# Serica



## DURANGO

Does anyone know where I can get a picture of the clipper ship Serica she came in to London on the same tide as the Taeping and the Ariel as they raced home from China during the great tea race many thanks Dave .


----------



## Boatman25

There is one here 

*http://www.wrecksite.eu/wreck.aspx?179876*

SERICA


1863 August 4
Launched at the shipyard of Robert Steele & Co., Greenock, for James Findlay, Geenock. 

1864 June 2 - September 19
Sailed from Foochow to London in 109 days. 

1864 October 25 - February 1
Sailed from Torbay to Shanghai in 99 days, or 106 days from London. 

1865 May 28 - September 11
Left Foochow at the same day as Fiery Cross for London where she arrived after 106 days. 

1866 May 30 - September 6
Sailed from Foochow to London in 99 days. Finished as third ship in the Great Tea Race of 1866 and 

1868 October 11 - January 17
Sailed from London to Shanghai in 98 days. 

1872 November 2
Left Hong Kong for Montevideo. 

1872 November 3
Wrecked on the Parcels. Only one of a crew of 23 survived.


----------



## DURANGO

Boatman25 said:


> There is one here
> 
> *http://www.wrecksite.eu/wreck.aspx?179876*
> 
> SERICA
> 
> 
> 1863 August 4
> Launched at the shipyard of Robert Steele & Co., Greenock, for James Findlay, Geenock.
> 
> 1864 June 2 - September 19
> Sailed from Foochow to London in 109 days.
> 
> 1864 October 25 - February 1
> Sailed from Torbay to Shanghai in 99 days, or 106 days from London.
> 
> 1865 May 28 - September 11
> Left Foochow at the same day as Fiery Cross for London where she arrived after 106 days.
> 
> 1866 May 30 - September 6
> Sailed from Foochow to London in 99 days. Finished as third ship in the Great Tea Race of 1866 and
> 
> 1868 October 11 - January 17
> Sailed from London to Shanghai in 98 days.
> 
> 1872 November 2
> Left Hong Kong for Montevideo.
> 
> 1872 November 3
> Wrecked on the Parcels. Only one of a crew of 23 survived.

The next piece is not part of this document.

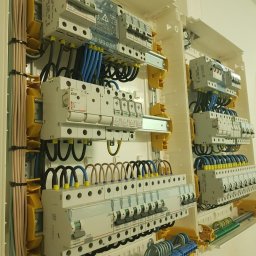 Parsbud Sp.z.o.oo - Rozdzielnica elektryczna z zainstalowanymi bezpiecznikami i okablowaniem w kolorach niebieskim, brązowym i czarnym. Widoczne elementy marki Legrand w jasnej obudowie.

Thanks for that I would very much like to get a complet side view of her if at all possible as I am building a replica of her I am surprised there is not a lot more available many thanks again Dave .


----------



## stein

The Lahloo moored off Gravesend in the early 1870s. She was fitted with single topsails when built in 1867. (McGregor collection)


----------



## DURANGO

stein said:


> The Lahloo moored off Gravesend in the early 1870s. She was fitted with single topsails when built in 1867. (McGregor collection)


 Thanks for that Stein


----------



## mmjhtb

*You could try this website*



DURANGO said:


> Does anyone know where I can get a picture of the clipper ship Serica she came in to London on the same tide as the Taeping and the Ariel as they raced home from China during the great tea race many thanks Dave .


You could have a look here:-

http://www.southbaysail.com/the-great-tea-race-of-1866.html

Not sure which picture is of Serica - some are labelled & some not.

I've been looking at these as an ancestor was rumoured to have captained one of the clippers, but I'm struggling to get information that bears this out, so it may be a rubbish story.

regards mmjhtb


----------



## Boatman25

There is also a paintings here 

* http://www.artnet.com/artists/barry...r-serica-off-lyme-bay-aIaiq0YRKptR6CHkQxnXcA2*

and here

*http://www.lintonmaritimeart.com.au/gallery_images/7.1 tea clipper serica full.htm*




,


----------



## Bill Morrison

Hi Durango 
I see you have had a few replies on this request, while searching through my library on sailing ships I came across a photo of the Serica in D R Macgregor's Square Rigged Sailing Ships, it is on page 98. I hope this may be of some help to you. I have a great interest in sailing ships and viewing the postings on this site. All the best to you Bill Morrison


----------



## DURANGO

Bill Morrison said:


> Hi Durango
> I see you have had a few replies on this request, while searching through my library on sailing ships I came across a photo of the Serica in D R Macgregor's Square Rigged Sailing Ships, it is on page 98. I hope this may be of some help to you. I have a great interest in sailing ships and viewing the postings on this site. All the best to you Bill Morrison


Sorry I,m late picking up on your message Bill many thanks for taking the trouble best regards Dave.


----------